Overblog Suivre ce blog
Editer l'article Administration Créer mon blog

Publié par Saoudi Abdelaziz

Photo DR

Photo DR

Assiste-t-on au transfert du rôle d'impulsion économique (absent) de l'Etat vers les "conglomérats" ces groupes multi-activités qui ont émergé du coeur du système durant les trois dernières décennies, en combinant bénéfices des marchés publics et concessions d'importation? 

Selon la définition habituelle, "un conglomérat est un groupe constitué d'entreprises aux activités très différentes, ce qui permet de diversifier les risques : les pertes de certaines activités pourront être compensées par les profits d'autres activités". Depuis une années, l'exigence d'un rôle d'impulsion pour les conglomérats a été relancée par Ali Haddad qui pratique un véritable blitzgieg conceptuel. Depuis sa désignation controversée, le personnage a réussi à unifier les grands patrons autour d'une plateforme en vue d'influer de manière décisive sur les orientations économiques et sociales du pays.

Diversification sans limites

Premier pas en avant : la reconnaissance du principe de diversification sans limites des activités des conglomérats. Dans un article du 2 mars dernier intitulé Le blanchiment industriel de l'argent sale est-il possible en Algérie? le blogueur notait d'abord : "C'est le nouveau pari ultime, après trois décennies d'incohérence néolibérale. Le secteur privé peut tout faire en Algérie, annonce Ali Haddad. Le président du FCE qui, dit-on, est au coeur du système de décision, précise : "Seule la Défense devra demeurer comme secteur stratégique". Cette percée stratégique a été activement soutenue par l'ensemble des chefs de files des conglomérats algériens. A propos du secteur économique de la Défense nationale Ali Haddad réaffirmera lundi dernier au cours d'une conférence de presse : "On ne touchera pas au secteur militaire". Mais il ajoute comme pour enfoncer un coin "mais si le service militaire ou l’industrie militaire a besoin de nous, on n’hésitera pas à l’aider".

Percées financières

Ce développement diversifié des conglomérats a besoin d'être nourri financièrement, en ces temps de baisse du baril. On sait que les conglomérats unis autour de Rebrab et Haddad ont réussi à obtenir la possibilité d'exporter des devises pour financer leur "développement à l'international". Ils enregistrent aujourd'hui une nouvelle victoire: une ordonnance présidentielle facilite l'ouverture de comptes bancaires aux détenteurs de capitaux noirs accumulé frauduleusement. Cette mesure, précisée hier par le ministre des Finances, est selon Mustapha Mekideche le chroniqueur du quotidien Liberté "une percée inédite et la plus significative". "Mais ajoute-t-il nous ne savons pas encore le montant du ticket d’entrée de ces capitaux gris dans la sphère bancaire et les premières réactions de leurs titulaires. Affaire à suivre".

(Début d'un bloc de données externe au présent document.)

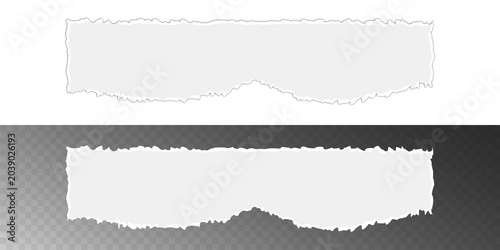 White paper ripped edge collection PNG isolated on transparent background with decorative torn strips and realistic paper details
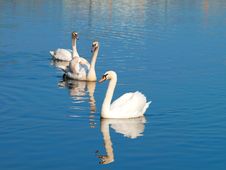 Swans Stock Photos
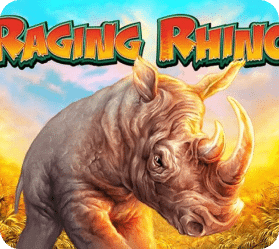 Raging rhino Raging Rhino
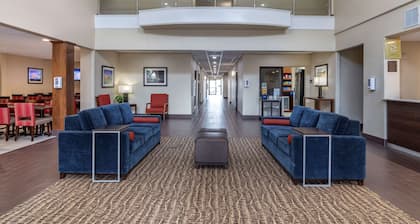 Comfort Suites near Texas Medical Center - NRG Stadium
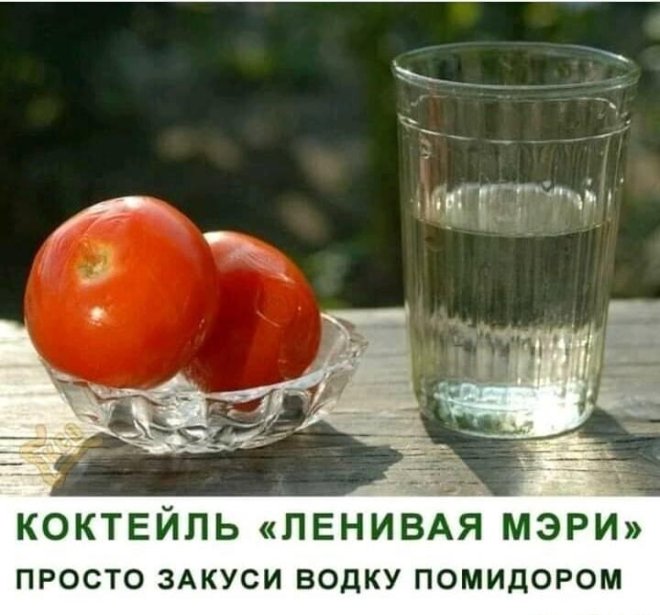 Интернет мемы в воскресение и чай в пирамидках Интернет мемы в воскресение и чай в пирамидках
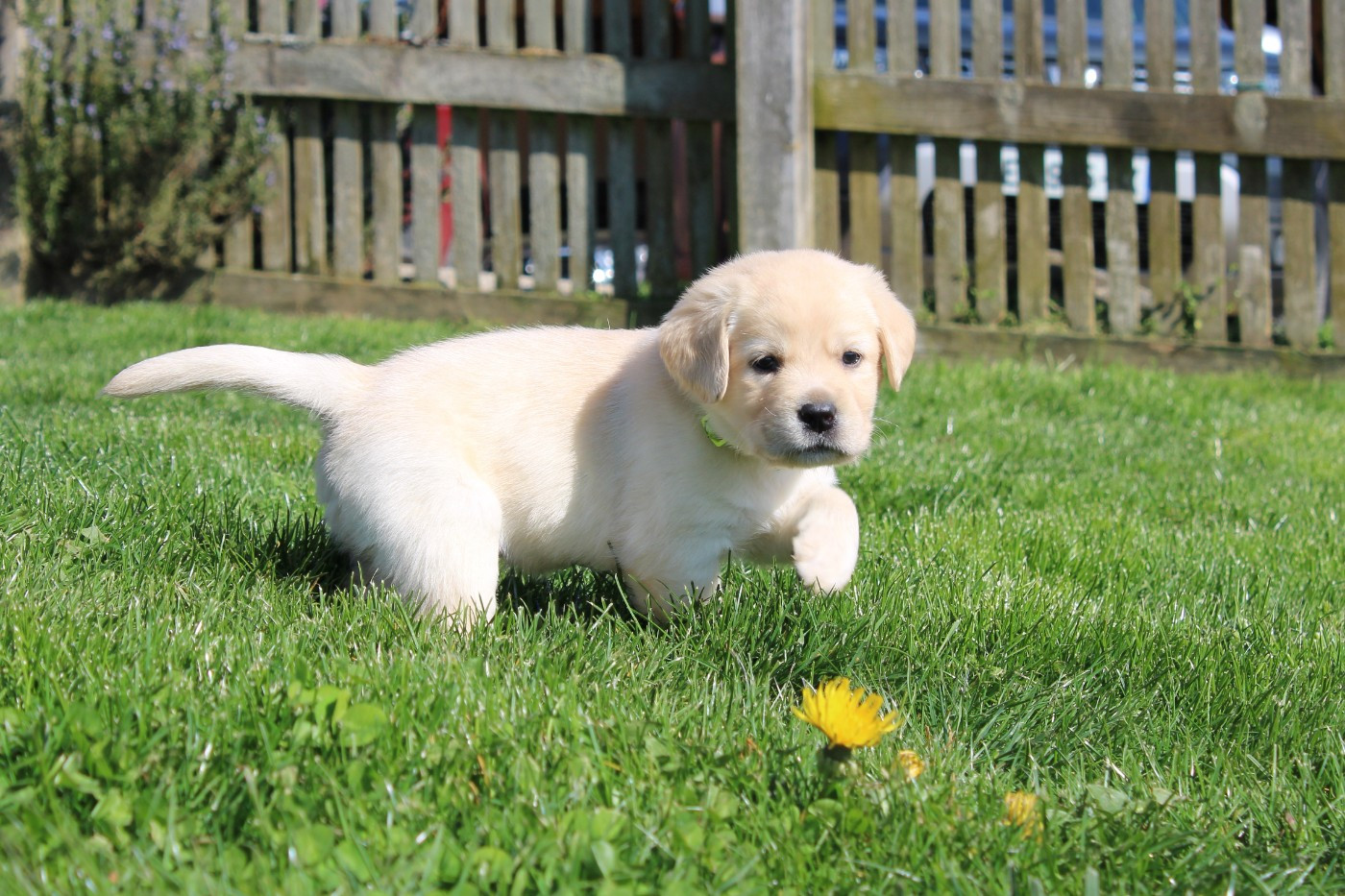 Of The Little Snow - Chiots disponibles - Labrador Retriever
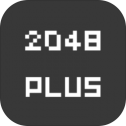 不一样的2048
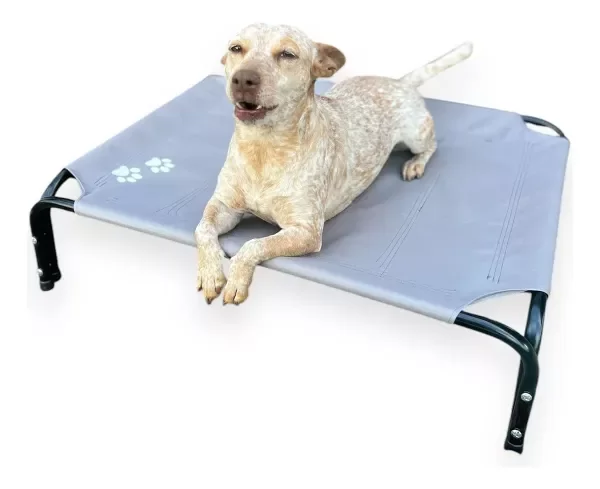 Producto - CATRE PERROS MEDIANO TALLE M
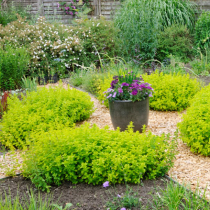 Ideen für die Gartengestaltung I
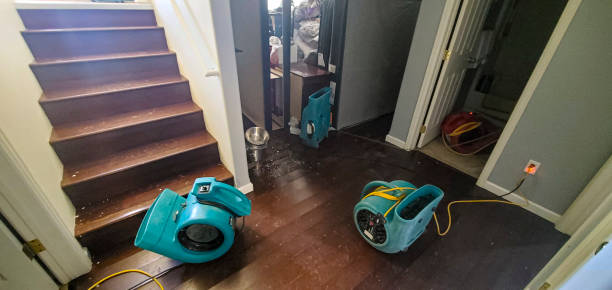 Best Sewage cleanup and water damage restoration  in Jones Valley, CA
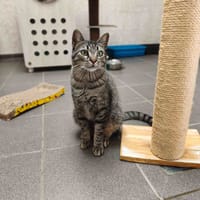 MÉO C, chat à adopter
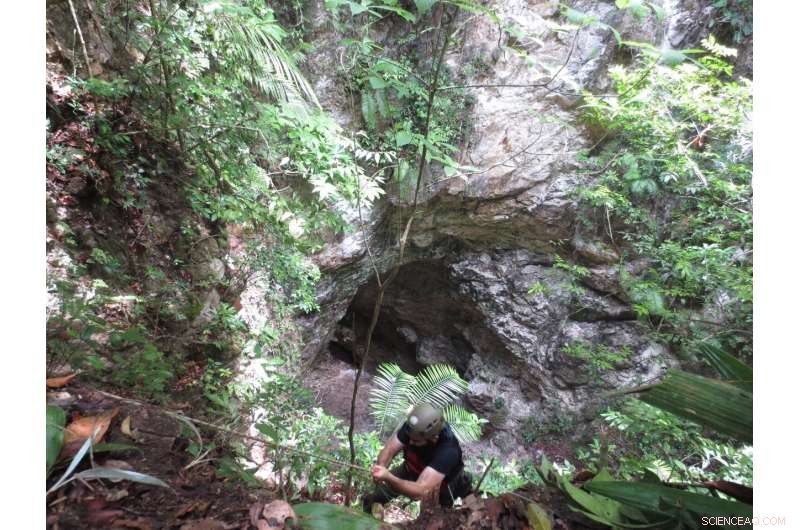 Can Machine Learning Uncover Hidden Geological Features Invisible to Humans?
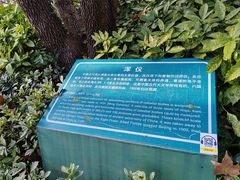 -紫金山天文台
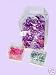 24 PCS 7x7x8-1/2 PVC Handle Box Party Favor w/ Golden Card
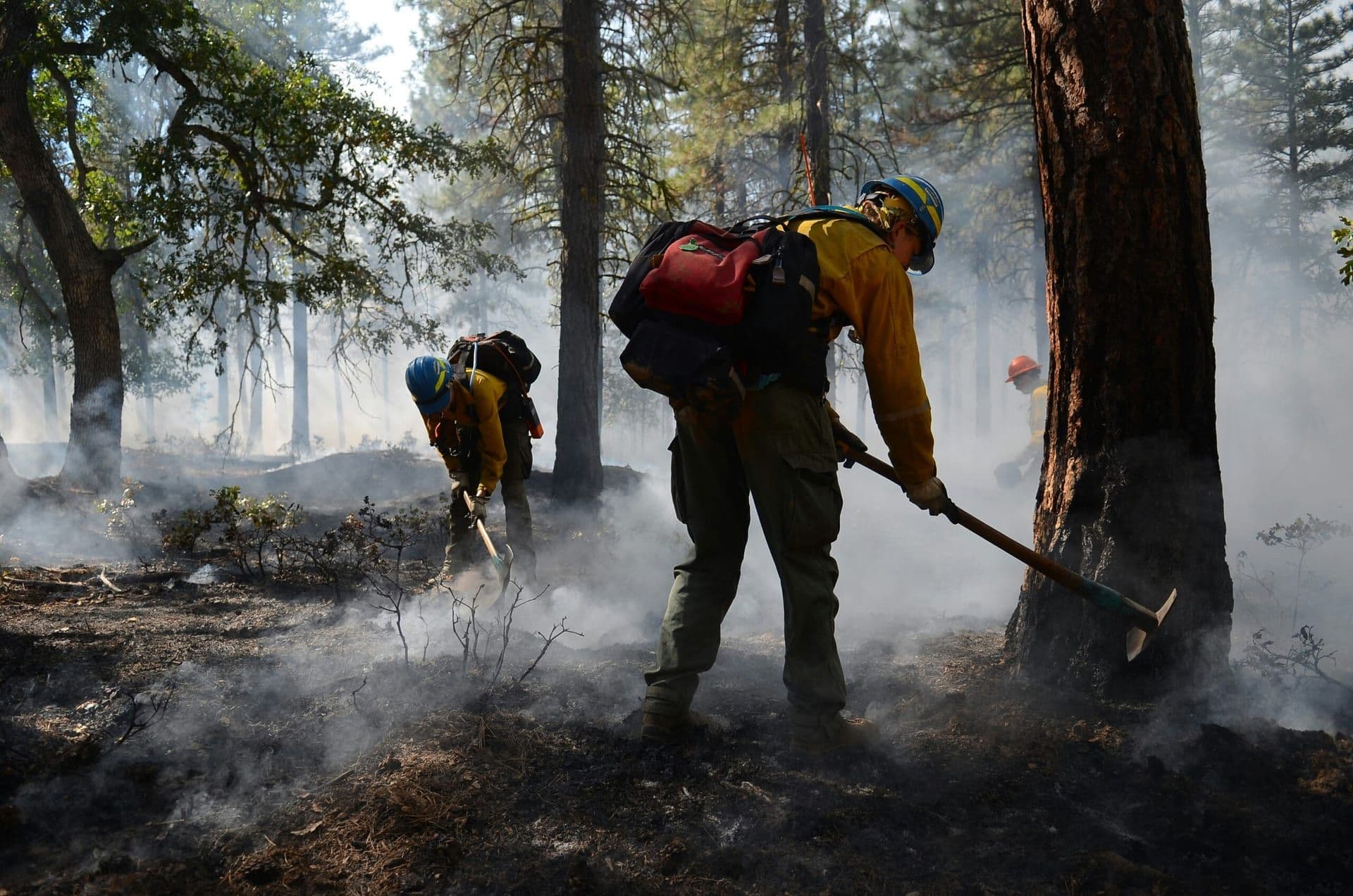 California Passes New Legislation to Address Wildfire Risk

Au cours de la conférence de presse de lundi dernier, le patron du groupe Amor Benamor a rassuré les aspirants titulaires : cette décision "ne vise pas à renflouer les caisses mais à remettre cette trésorerie dormante estimée à 40 milliards de dollars dans le circuit économique. Il permettra à ses détenteurs, une fois blanchis aux yeux du fisc, d’entreprendre une "activité productive". Les nouveaux investisseurs" bancarisés seront sans doute tenté de placer leurs fonds dans le business des conglomérats ayant pignon sur rue et "couverts" par l'Etat. La conséquence principale serait pêut-être de foncer la teinte grisâtre naturelle des conglomérats algériens.

Le modèle sud-coréen

M. Haddad et ses confrères conglomérés qui demandent patriotiquement de "protéger la production nationale" se sentent-ils vraiment capables de rééditer l'histoire de ces fameux "chaebols" de Corée du sud -dont Samsung est le modèle- qui avaient réussi, il y a plus d'un demi siècle, à bâtir leur large pouvoir économique, sous la protection de la dictature. Ces conglomérats avaient "légalisé" l'abondant argent sale noir accumulé au lendemain de la deuxième guerre mondiale, grâce à la revente des produits importés du pays vainqueur, les Etats-Unis. 

Le système en place a t-il opté pour la consécration de l' incapacité de la puissance publique à élaborer et mettre en oeuvre une authentique ambition de developpement national. Sur cette ambition de copier le modèle sud-coréen, le blogueur notait au début de l'année : "Mais l'Histoire repasse-t-elle les plats? Karl Marx disait oui, l'histoire se répéte, mais "la seconde fois comme farce".